Film français, 1 h 42 minutes, sorti le 20 novembre.
Primé au festival de Cannes en mai dernier, sorti au cinéma il y a près de deux mois, il était temps de parler de ce film très touchant et très puissant.
À l’origine, en 2016, il y a déjà eu un court métrage, du même nom, du même réalisateur, primé lui aussi au festival du court métrage de Clermont-Ferrand, sur la même idée. Trois policiers de la BAC font leur tournée dans la cité des Bosquets à Montfermeil (93). Parmi eux, une jeune recrue qui vient d’arriver dans la brigade, c’est son premier jour et il en découvre les mœurs spéciales. On comprend de suite que la police fait ce qu’elle veut ou quasiment, que ces policiers se croient tout permis. Leur chef le dit bien : « La loi ici c’est moi ».

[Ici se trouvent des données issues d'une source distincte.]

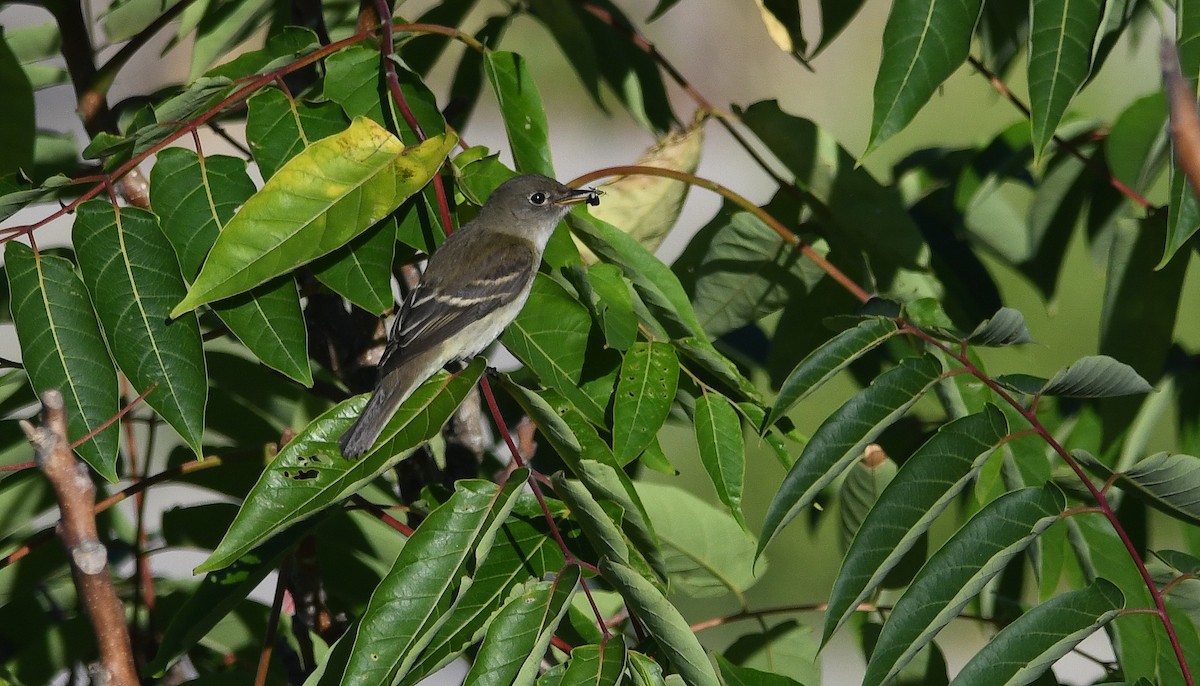 Alder/Willow Flycatcher (Traill's Flycatcher) - ML366569101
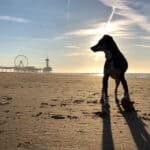 Verreisen mit Hund - Packliste und Zubehör - Reiseblog Bravebird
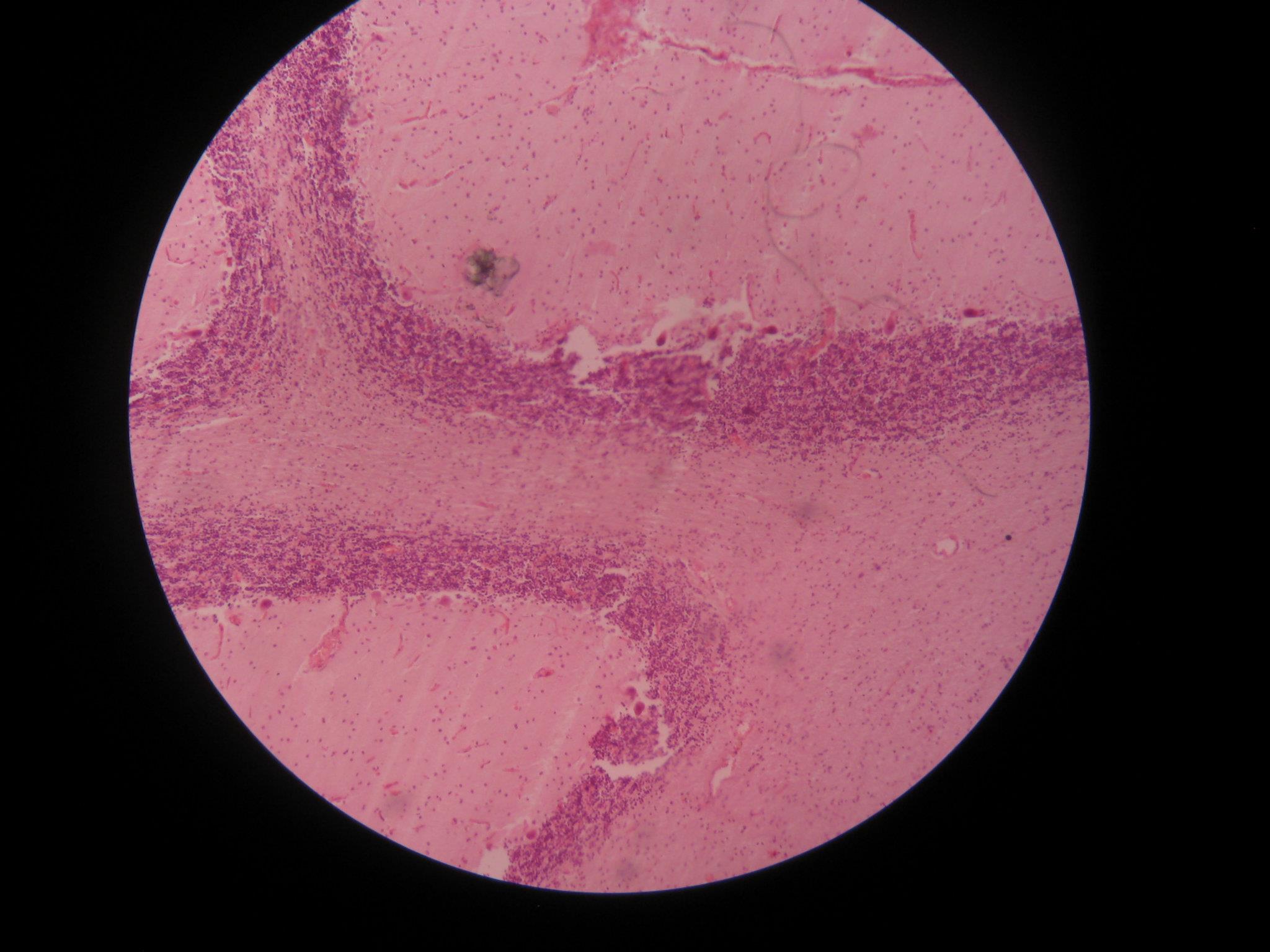 Photobiology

On voit aussi le désœuvrement de la cité, la pauvreté, la drogue et son trafic, une population issue de l’immigration, surtout des jeunes, des très jeunes même qui se retrouvent, qui vivent au pied des immeubles.
Mécanisme répressif
L’histoire part donc de cette virée de policiers qui circulent, en voiture, qui cherchent l’occasion, leur proie pour contrôler. Et la « bavure » arrive. Pas dans le sens « accident » ou « erreur » ou « pas de bol » mais clairement dans la suite logique de ces comportements de harcèlement, d’un mécanisme répressif terrible.
Il n’y a pas de représentants officiels du pouvoir, seulement ces trois policiers de la BAC qui se la jouent « cowboy », qui font la loi, parce que ce droit leur a été donné. Ils sont montrés comme étant responsables de leurs actes, terrifiants et en même temps comme piégés dans leur rôle, victimes aussi d’une situation qu’ils ne maitrisent pas.
Il se trouve que cette « bavure » est filmée, c’est le hasard, par un jeune qui fait voler son drone. Les policiers s’en aperçoivent. Là commence alors (continue) une chasse à l’homme pour effacer le témoignage gênant. Les policiers cherchent des informations et des appuis du côté des chefs de bandes, des trafiquants de drogue, des religieux pour régler leur problème.
Quotidien des populations dans les quartiers populaires
C’est incroyablement prenant, très fort émotionnellement, ça en devient physique pour nous qui sommes pourtant assis dans la salle. On est à fond avec les jeunes, les très jeunes aussi, qui fuient, se débrouillent et se défendent comme ils peuvent. On est avec les parents, les mères de famille, qui vivent et font face aux nombreuses difficultés, avec les moyens du bord.
Ce film, comme le court métrage auparavant, fait terriblement écho à l’actualité. Les violences policières contre le mouvement social font des ravages depuis le début du mouvement des Gilets jaunes, même si elles avaient commencé lors du mouvement contre la loi travail et dans les ZAD comme à NDDL ou à Sivens.
Mais on sait que ces violences sont le quotidien des populations dans les quartiers populaires, dans les cités ravagées par le chômage. On comprend ou on imagine bien que la BAC a passé des années à se former, à perfectionner la politique répressive de l’État dans ces cités, contre les jeunes d’origine immigrée traités comme de la « racaille », comme des moins que rien.
Le film fait référence à nombre de ces « bavures », il rend certainement hommage à tous ces jeunes violentés et tués par la police, toutes ces années passées. Le réalisateur semble avoir fait ce film aussi pour témoigner, pour décrire et expliquer. Le résultat est impressionnant, formidable et tout sauf pessimiste car il y a malgré tout une belle lueur d’espoir.